M. Pasil s'est concentré sur les aspects juridiques du droit maritime, notamment le concept des ZEE (Zones Économiques Exclusives), qui s'étendent sur 22 km au large des côtes d'un pays et peuvent entraîner des conflits. Au-delà de cette limite, les zones internationales sont protégées par des accords, ce qui rend leur exploitation minière actuellement impossible. Ces zones sont cependant très convoitées pour la pêche, le pétrole et les métaux.
Enfin, Mathilde Cannat a expliqué sous quelles formes se trouvent ces minéraux. Ils existent sous divers aspects : des nodules, qui sont des amas sphériques de minéraux riches en fer et en magnésium dans les fonds marins, des croûtes principalement composées de manganèse, et des dépôts sulfurés en forme de « cheminées » situés près des sources hydrothermales.
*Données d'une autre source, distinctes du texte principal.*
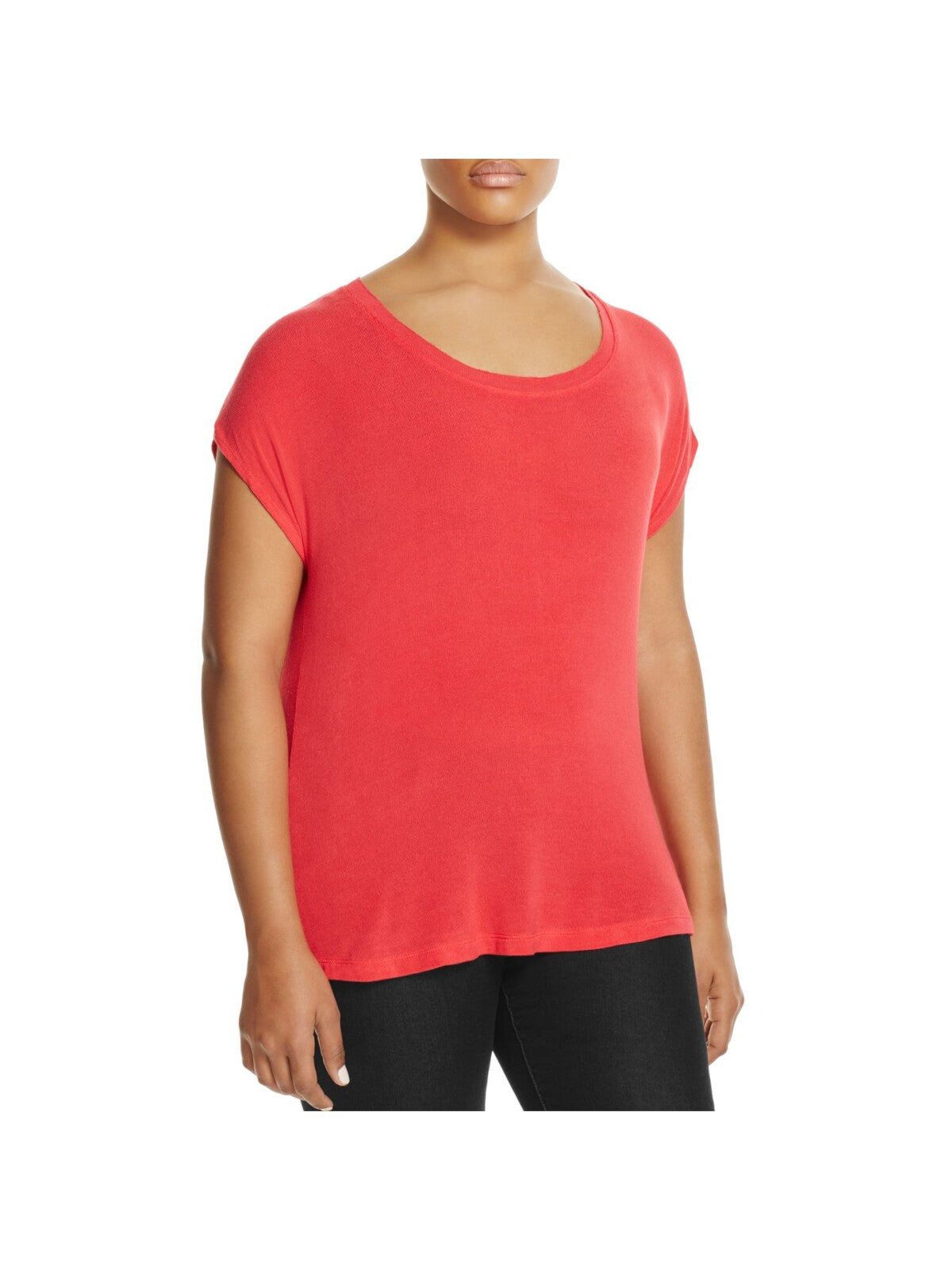 COLLECTION BY BOBEAU Womens Red Stretch Ribbed Short Sleeve Scoop Neck Top Plus 2X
Les intervenants ont souligné plusieurs obstacles à l'exploitation de ces ressources. D'un point de vue technique, les minéraux marins sont souvent de faible teneur et nécessairement un traitement complexe pour être raffiné. Leur accessibilité est également un défi majeur, les nodules étant situés à de grandes profondeurs. D'un point de vue géopolitique, certains pays cherchent à revendiquer des terres habitées, telles que des îles, pour étendre leur ZEE dans les eaux internationales et accéder plus facilement à certains minéraux. Enfin, l'extraction pose des problèmes environnementaux considérables : elle consomme énormément d'énergie et remue des sédiments qui, en suspension dans l'eau, peuvent se disperser avec les courants marins.
En conclusion, l'exploitation des abysses et de leurs minéraux reste pour le moment très complexe en raison des conditions extrêmes du milieu et de la faible concentration des ressources, ce qui rend cette activité économiquement non viable malgré la demande croissante liée aux nouvelles technologies.